This problem is concerned with modeling of a database that contains information about
employees of academic institutions. A employee can either be a professor or a lecturer.

• For each employee, his/her id, name and year of birth.

• For each institution, its name, country, and inauguration year.

• For each institution, the names of its schools (e.g. School of Business, School of Com-
puter Science,. . .).

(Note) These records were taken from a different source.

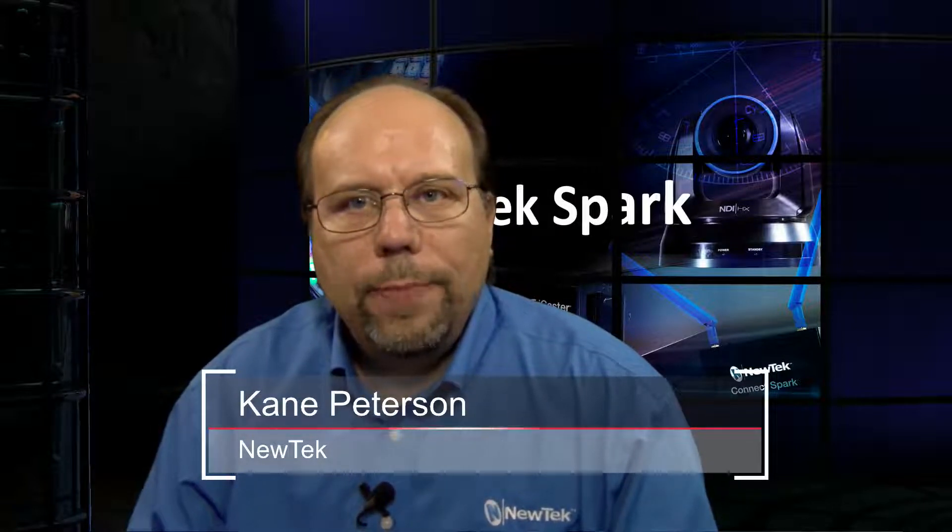Hello, my name is Cain Peterson from NewTek. Thank you for joining me in this training video on the NewTek Spark product. Over the next few moments, I want to talk about the full Spark line, the differences and similarities between them, and also give a more in-depth showing of how the Spark Pro unit operates.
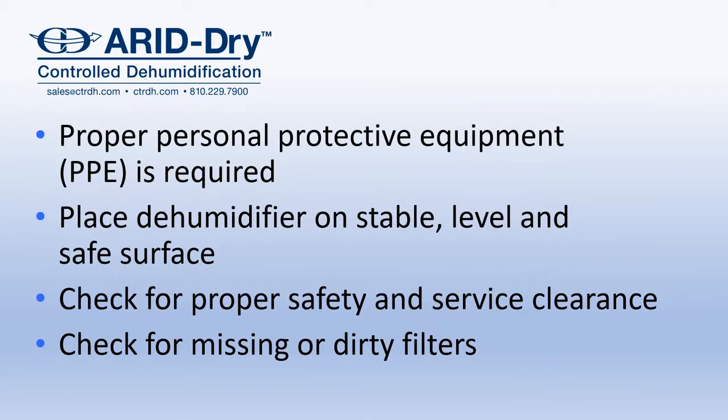The MS-1200 is built for indoor use. When setting up the unit, please make sure to follow the proper precautions for electrical safety. Locate the unit on a stable and level surface, allow for proper clearance for safety and service, and before using, check for clean filters.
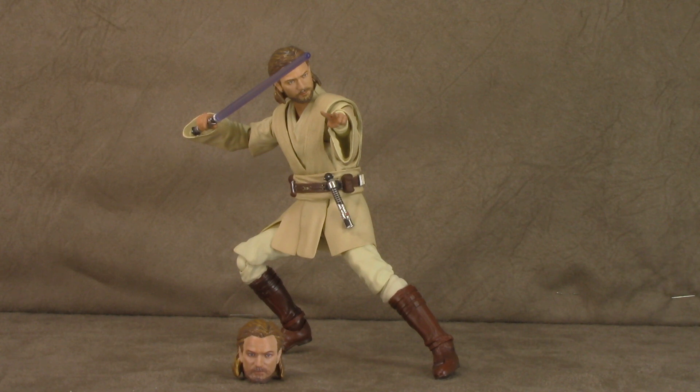That being said, I still definitely recommend this figure. It's still light years beyond — light years, no pun intended — most Star Wars figures we're getting from American toy companies, as expected. And it shows. If you're a Star Wars fan like I am, it's a no-brainer. Pick them up at your earliest convenience. Thanks for listening, thanks for watching, and until next time, take care.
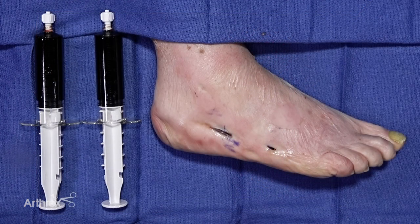At this point we've already harvested a bone marrow aspirate — whether it's from the iliac crest, proximal tibia, distal tibia, or calcaneus, you can utilize any one of these sites for that. We will then utilize the Angel system for a further spin down of this.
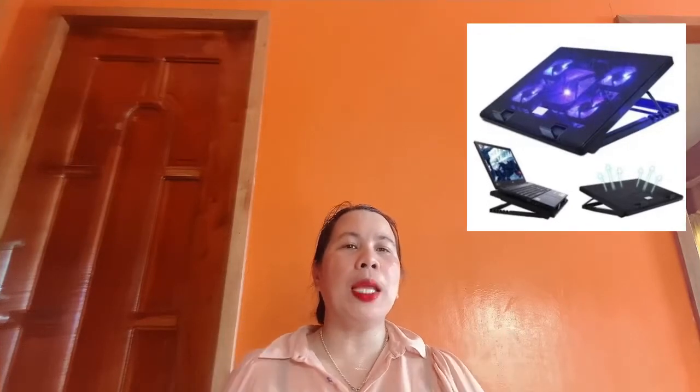Another thing is it's super duper silent. Unlike other cooling pads that have very noisy sounds, this cooling pad is considered a super duper silent type. And it has a blue LED light.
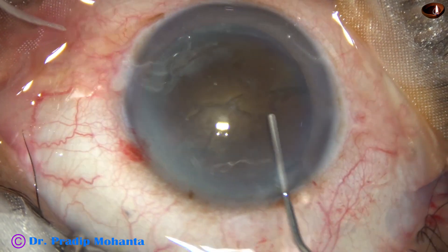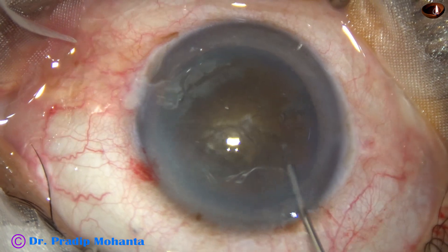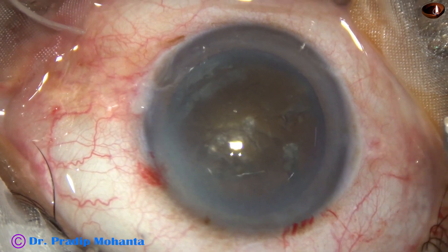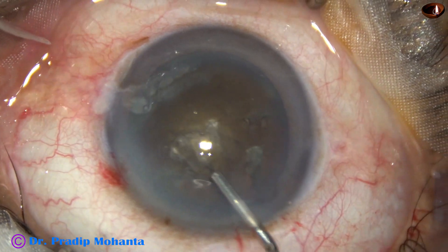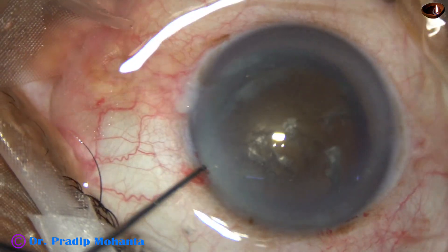Hydrodissection is done very gently. Small aliquots of BSS are injected at several points. The nucleus is stabbed and the nucleus is rotated. The anterior chamber is again filled up with viscoelastic.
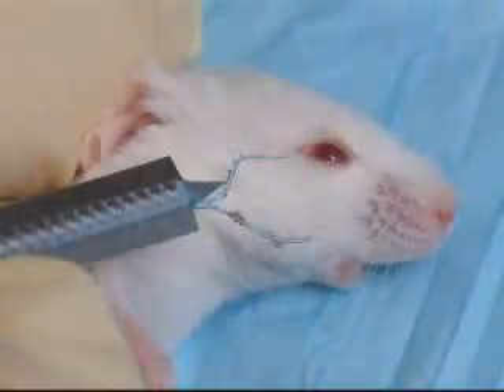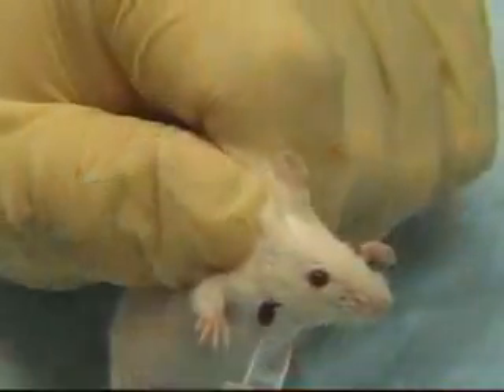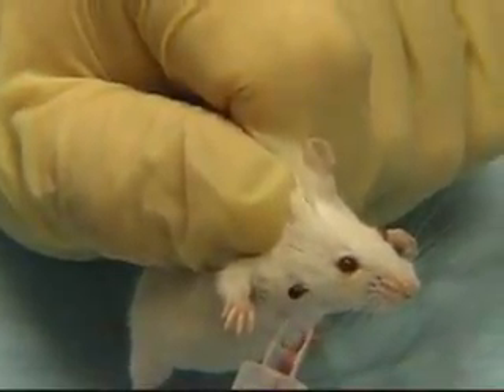These veins offer a much larger target area than with retroorbital bleeding and are much larger in diameter, offering a faster flow of good quality blood. Blood flow will start instantly, so have the collection tube nearby.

A school belongs to exactly one institution.

• Information about authorships, i.e., which employee have authored a research paper.
The titles, ids of research papers should also be stored.

• For each employee, information on his/her highest degree (BSc, MSc or PhD), including
who was the main supervisor(must be a professor), and at what school.

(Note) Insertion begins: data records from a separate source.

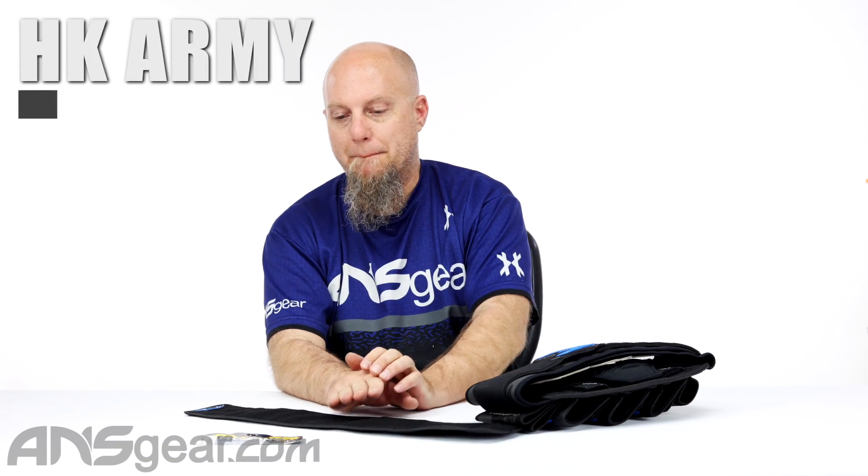Hey everybody, it's Rory from A&S Gear. We're looking at some harness accessories today. So we have the HK Belt Extender. This is going to add 20 inches of belt length for you people out there, whoever it happens to be that need a longer pack.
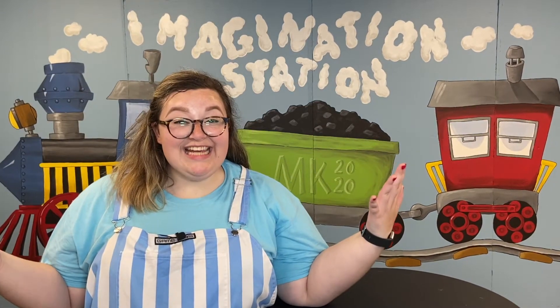Welcome to Imagination Station! I really can't believe it's our last day to make discoveries together. I've had so much fun with you. Today we're discovering that Jesus's power helps us be good friends. But before we dig into that, I get to ask you one last time — did you bring your imagination today?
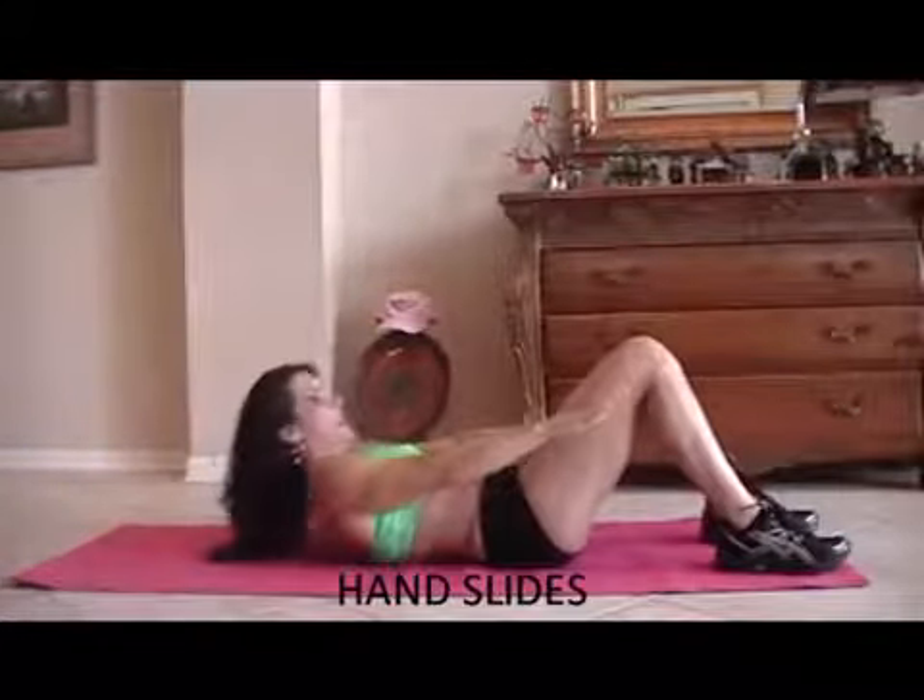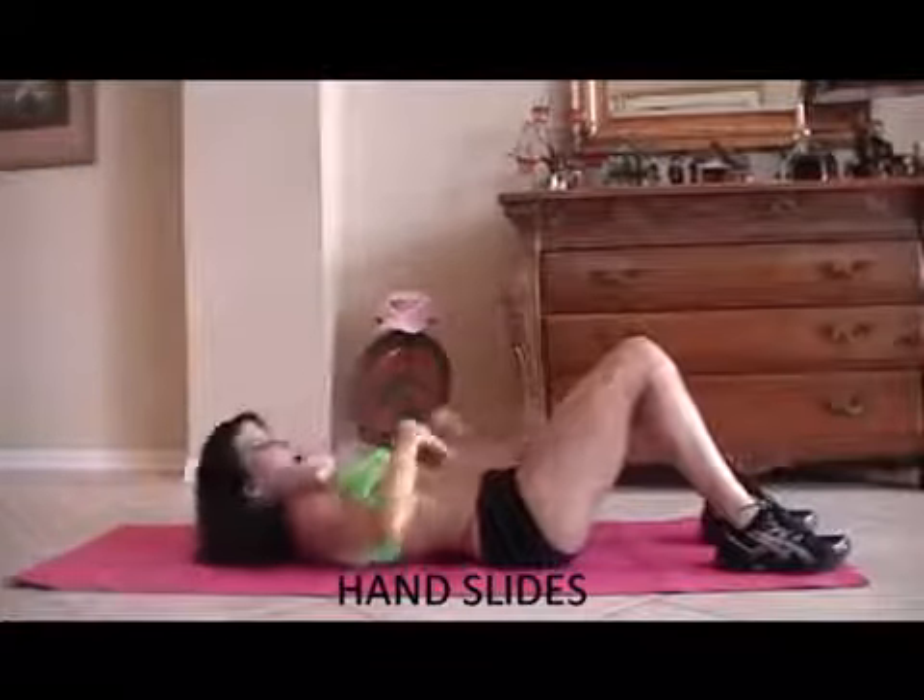We're going to take it back down. I'm going to let you lie down now — but just because I'm letting you lie down doesn't mean it's easy. We're going to do what we call hand slides, just sliding our hands as far as they can go. When we're up, really contract those abs and feel the muscle. I'd rather have you go slow and controlled than quick and fast. Here we go for 15.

• For each lecturer, information on the total number of courses he/she has taught.

• For each professor, information on his/her title and research projects (title, start date,
end date and the amount of grant money) in which he/she is a principal investigator.
Assuming that there is one but only one principal investigator for each project.

1. Draw an E/R diagram for the relations described above. Your diagram should not
contain redundant entity sets, relationships, or attributes. Also, use relationships
whenever appropriate.

2. Convert your E/R diagram into relations, and write SQL statements to create the rela-
tions. Make any reasonable choice of data types. Remember to include any constraints
such as primary key and foreign key constraints.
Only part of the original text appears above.